## [To do]
Please output the entries below without altering a single character.

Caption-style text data
#####
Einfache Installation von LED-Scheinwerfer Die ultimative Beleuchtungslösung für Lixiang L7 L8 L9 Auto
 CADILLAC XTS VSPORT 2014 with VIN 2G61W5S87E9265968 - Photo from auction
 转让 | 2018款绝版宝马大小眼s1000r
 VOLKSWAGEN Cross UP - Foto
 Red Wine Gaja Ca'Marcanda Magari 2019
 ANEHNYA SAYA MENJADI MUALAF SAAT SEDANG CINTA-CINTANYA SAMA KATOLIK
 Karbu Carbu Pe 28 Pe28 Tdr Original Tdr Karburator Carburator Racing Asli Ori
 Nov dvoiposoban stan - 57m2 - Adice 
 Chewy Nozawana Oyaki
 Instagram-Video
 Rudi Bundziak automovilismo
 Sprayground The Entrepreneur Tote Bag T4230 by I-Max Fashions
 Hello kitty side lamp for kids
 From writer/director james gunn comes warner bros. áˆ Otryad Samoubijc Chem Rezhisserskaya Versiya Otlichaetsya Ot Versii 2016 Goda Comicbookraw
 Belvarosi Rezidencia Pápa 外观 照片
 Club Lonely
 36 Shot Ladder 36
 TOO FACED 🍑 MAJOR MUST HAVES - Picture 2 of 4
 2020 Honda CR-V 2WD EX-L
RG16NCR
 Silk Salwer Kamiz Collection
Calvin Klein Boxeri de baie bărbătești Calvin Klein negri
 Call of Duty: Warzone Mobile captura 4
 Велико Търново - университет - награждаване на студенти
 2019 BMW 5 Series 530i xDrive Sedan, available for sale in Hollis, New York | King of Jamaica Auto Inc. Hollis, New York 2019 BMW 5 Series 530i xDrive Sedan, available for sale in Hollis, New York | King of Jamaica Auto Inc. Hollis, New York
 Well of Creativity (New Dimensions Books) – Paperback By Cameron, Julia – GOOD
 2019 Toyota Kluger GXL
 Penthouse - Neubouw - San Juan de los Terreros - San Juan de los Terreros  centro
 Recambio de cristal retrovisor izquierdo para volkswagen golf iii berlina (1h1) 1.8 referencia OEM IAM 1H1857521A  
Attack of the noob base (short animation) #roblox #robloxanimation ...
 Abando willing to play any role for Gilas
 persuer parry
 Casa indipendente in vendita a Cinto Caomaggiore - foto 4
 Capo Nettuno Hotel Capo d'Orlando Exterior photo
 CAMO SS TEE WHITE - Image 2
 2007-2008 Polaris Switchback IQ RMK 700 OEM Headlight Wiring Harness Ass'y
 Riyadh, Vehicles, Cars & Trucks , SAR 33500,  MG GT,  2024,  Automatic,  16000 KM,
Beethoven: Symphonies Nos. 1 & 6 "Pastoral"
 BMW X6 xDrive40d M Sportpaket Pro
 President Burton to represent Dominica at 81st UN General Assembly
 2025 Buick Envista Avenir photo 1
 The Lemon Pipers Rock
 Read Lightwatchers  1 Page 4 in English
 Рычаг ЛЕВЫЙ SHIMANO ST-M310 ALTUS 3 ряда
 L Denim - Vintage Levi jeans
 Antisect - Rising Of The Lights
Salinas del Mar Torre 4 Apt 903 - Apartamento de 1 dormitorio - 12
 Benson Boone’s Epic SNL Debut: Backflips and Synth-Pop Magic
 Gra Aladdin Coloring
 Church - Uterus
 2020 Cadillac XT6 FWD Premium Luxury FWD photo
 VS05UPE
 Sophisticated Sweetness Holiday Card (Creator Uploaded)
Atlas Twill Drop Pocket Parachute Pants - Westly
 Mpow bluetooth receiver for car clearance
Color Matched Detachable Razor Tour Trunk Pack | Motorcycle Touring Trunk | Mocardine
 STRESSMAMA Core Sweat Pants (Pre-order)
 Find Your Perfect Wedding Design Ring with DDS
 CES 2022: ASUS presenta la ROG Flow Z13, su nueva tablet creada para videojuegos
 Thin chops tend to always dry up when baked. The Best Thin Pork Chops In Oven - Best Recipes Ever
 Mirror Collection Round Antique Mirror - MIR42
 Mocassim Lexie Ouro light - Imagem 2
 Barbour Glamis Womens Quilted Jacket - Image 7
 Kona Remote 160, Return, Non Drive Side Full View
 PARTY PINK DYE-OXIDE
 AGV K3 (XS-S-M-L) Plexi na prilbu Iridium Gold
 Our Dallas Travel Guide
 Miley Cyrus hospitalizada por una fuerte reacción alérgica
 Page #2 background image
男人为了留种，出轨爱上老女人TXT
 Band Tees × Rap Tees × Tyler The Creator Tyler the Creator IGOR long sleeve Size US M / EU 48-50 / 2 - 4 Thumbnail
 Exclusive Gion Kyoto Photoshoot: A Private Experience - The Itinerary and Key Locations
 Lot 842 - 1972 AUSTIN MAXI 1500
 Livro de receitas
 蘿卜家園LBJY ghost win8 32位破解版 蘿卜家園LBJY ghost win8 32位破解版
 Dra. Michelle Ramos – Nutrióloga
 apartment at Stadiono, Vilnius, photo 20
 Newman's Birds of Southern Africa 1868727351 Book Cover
#####
## [Answer]
Einfache Installation von LED-Scheinwerfer Die ultimative Beleuchtungslösung für Lixiang L7 L8 L9 Auto
 CADILLAC XTS VSPORT 2014 with VIN 2G61W5S87E9265968 - Photo from auction
 转让 | 2018款绝版宝马大小眼s1000r
 VOLKSWAGEN Cross UP - Foto
 Red Wine Gaja Ca'Marcanda Magari 2019
 ANEHNYA SAYA MENJADI MUALAF SAAT SEDANG CINTA-CINTANYA SAMA KATOLIK
 Karbu Carbu Pe 28 Pe28 Tdr Original Tdr Karburator Carburator Racing Asli Ori
 Nov dvoiposoban stan - 57m2 - Adice 
 Chewy Nozawana Oyaki
 Instagram-Video
 Rudi Bundziak automovilismo
 Sprayground The Entrepreneur Tote Bag T4230 by I-Max Fashions
 Hello kitty side lamp for kids
 From writer/director james gunn comes warner bros. áˆ Otryad Samoubijc Chem Rezhisserskaya Versiya Otlichaetsya Ot Versii 2016 Goda Comicbookraw
 Belvarosi Rezidencia Pápa 外观 照片
 Club Lonely
 36 Shot Ladder 36
 TOO FACED 🍑 MAJOR MUST HAVES - Picture 2 of 4
 2020 Honda CR-V 2WD EX-L
RG16NCR
 Silk Salwer Kamiz Collection
Calvin Klein Boxeri de baie bărbătești Calvin Klein negri
 Call of Duty: Warzone Mobile captura 4
 Велико Търново - университет - награждаване на студенти
 2019 BMW 5 Series 530i xDrive Sedan, available for sale in Hollis, New York | King of Jamaica Auto Inc. Hollis, New York 2019 BMW 5 Series 530i xDrive Sedan, available for sale in Hollis, New York | King of Jamaica Auto Inc. Hollis, New York
 Well of Creativity (New Dimensions Books) – Paperback By Cameron, Julia – GOOD
 2019 Toyota Kluger GXL
 Penthouse - Neubouw - San Juan de los Terreros - San Juan de los Terreros  centro
 Recambio de cristal retrovisor izquierdo para volkswagen golf iii berlina (1h1) 1.8 referencia OEM IAM 1H1857521A  
Attack of the noob base (short animation) #roblox #robloxanimation ...
 Abando willing to play any role for Gilas
 persuer parry
 Casa indipendente in vendita a Cinto Caomaggiore - foto 4
 Capo Nettuno Hotel Capo d'Orlando Exterior photo
 CAMO SS TEE WHITE - Image 2
 2007-2008 Polaris Switchback IQ RMK 700 OEM Headlight Wiring Harness Ass'y
 Riyadh, Vehicles, Cars & Trucks , SAR 33500,  MG GT,  2024,  Automatic,  16000 KM,
Beethoven: Symphonies Nos. 1 & 6 "Pastoral"
 BMW X6 xDrive40d M Sportpaket Pro
 President Burton to represent Dominica at 81st UN General Assembly
 2025 Buick Envista Avenir photo 1
 The Lemon Pipers Rock
 Read Lightwatchers  1 Page 4 in English
 Рычаг ЛЕВЫЙ SHIMANO ST-M310 ALTUS 3 ряда
 L Denim - Vintage Levi jeans
 Antisect - Rising Of The Lights
Salinas del Mar Torre 4 Apt 903 - Apartamento de 1 dormitorio - 12
 Benson Boone’s Epic SNL Debut: Backflips and Synth-Pop Magic
 Gra Aladdin Coloring
 Church - Uterus
 2020 Cadillac XT6 FWD Premium Luxury FWD photo
 VS05UPE
 Sophisticated Sweetness Holiday Card (Creator Uploaded)
Atlas Twill Drop Pocket Parachute Pants - Westly
 Mpow bluetooth receiver for car clearance
Color Matched Detachable Razor Tour Trunk Pack | Motorcycle Touring Trunk | Mocardine
 STRESSMAMA Core Sweat Pants (Pre-order)
 Find Your Perfect Wedding Design Ring with DDS
 CES 2022: ASUS presenta la ROG Flow Z13, su nueva tablet creada para videojuegos
 Thin chops tend to always dry up when baked. The Best Thin Pork Chops In Oven - Best Recipes Ever
 Mirror Collection Round Antique Mirror - MIR42
 Mocassim Lexie Ouro light - Imagem 2
 Barbour Glamis Womens Quilted Jacket - Image 7
 Kona Remote 160, Return, Non Drive Side Full View
 PARTY PINK DYE-OXIDE
 AGV K3 (XS-S-M-L) Plexi na prilbu Iridium Gold
 Our Dallas Travel Guide
 Miley Cyrus hospitalizada por una fuerte reacción alérgica
 Page #2 background image
男人为了留种，出轨爱上老女人TXT
 Band Tees × Rap Tees × Tyler The Creator Tyler the Creator IGOR long sleeve Size US M / EU 48-50 / 2 - 4 Thumbnail
 Exclusive Gion Kyoto Photoshoot: A Private Experience - The Itinerary and Key Locations
 Lot 842 - 1972 AUSTIN MAXI 1500
 Livro de receitas
 蘿卜家園LBJY ghost win8 32位破解版 蘿卜家園LBJY ghost win8 32位破解版
 Dra. Michelle Ramos – Nutrióloga
 apartment at Stadiono, Vilnius, photo 20
 Newman's Birds of Southern Africa 1868727351 Book Cover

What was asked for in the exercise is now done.